>>>

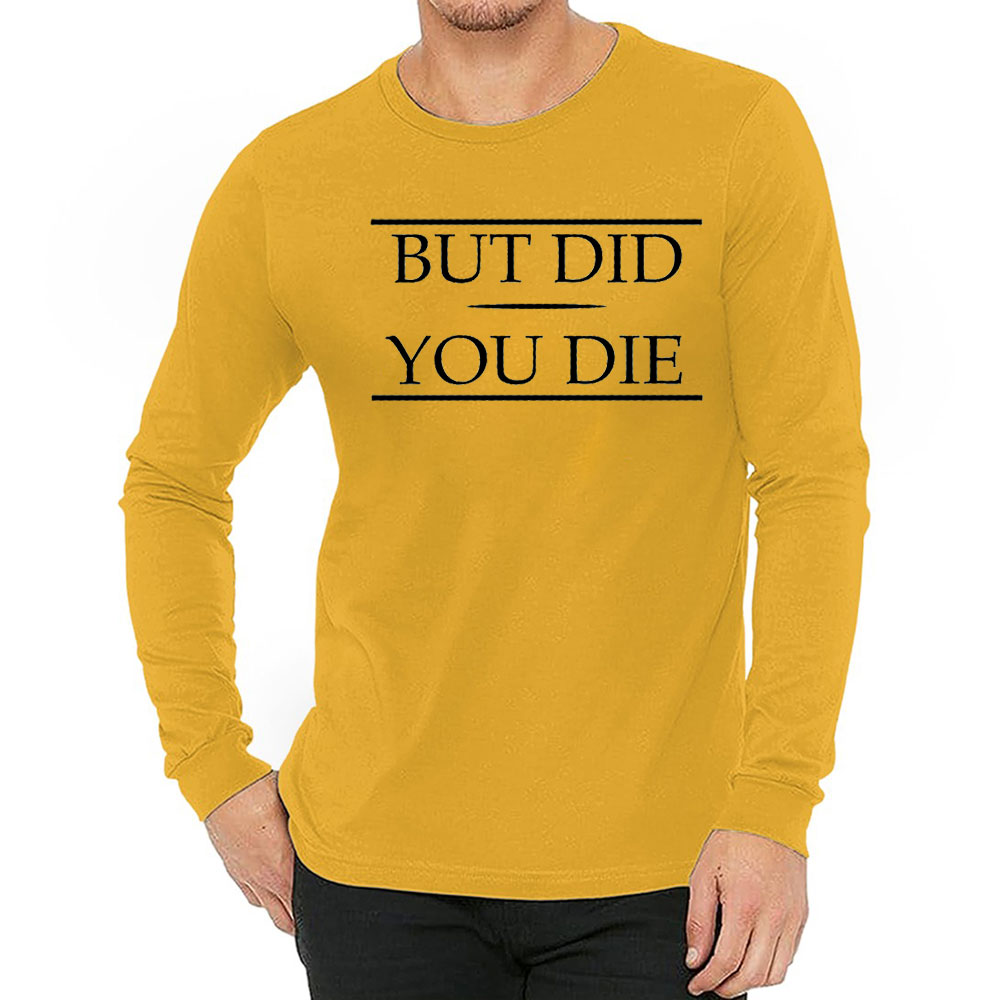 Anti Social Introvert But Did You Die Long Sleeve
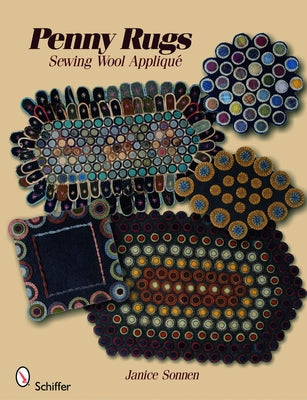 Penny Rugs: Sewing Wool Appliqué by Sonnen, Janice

<<<
>>>

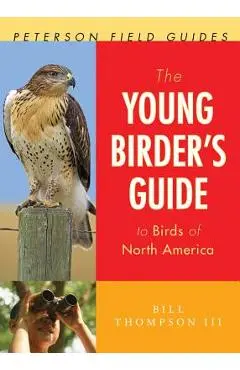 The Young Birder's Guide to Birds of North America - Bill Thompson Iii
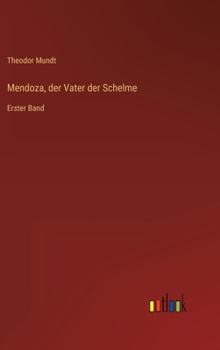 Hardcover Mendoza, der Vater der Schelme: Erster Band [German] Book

<<<

**Problem to work on**. Range to copy from the listing above: the line containing "The Young Birder's" down to the line containing "Hardcover Mendoza, der", both included. Reproduce it exactly, minus the pictures, and add nothing.

**Response**.
 The Young Birder's Guide to Birds of North America - Bill Thompson Iii
 Hardcover Mendoza, der Vater der Schelme: Erster Band [German] Book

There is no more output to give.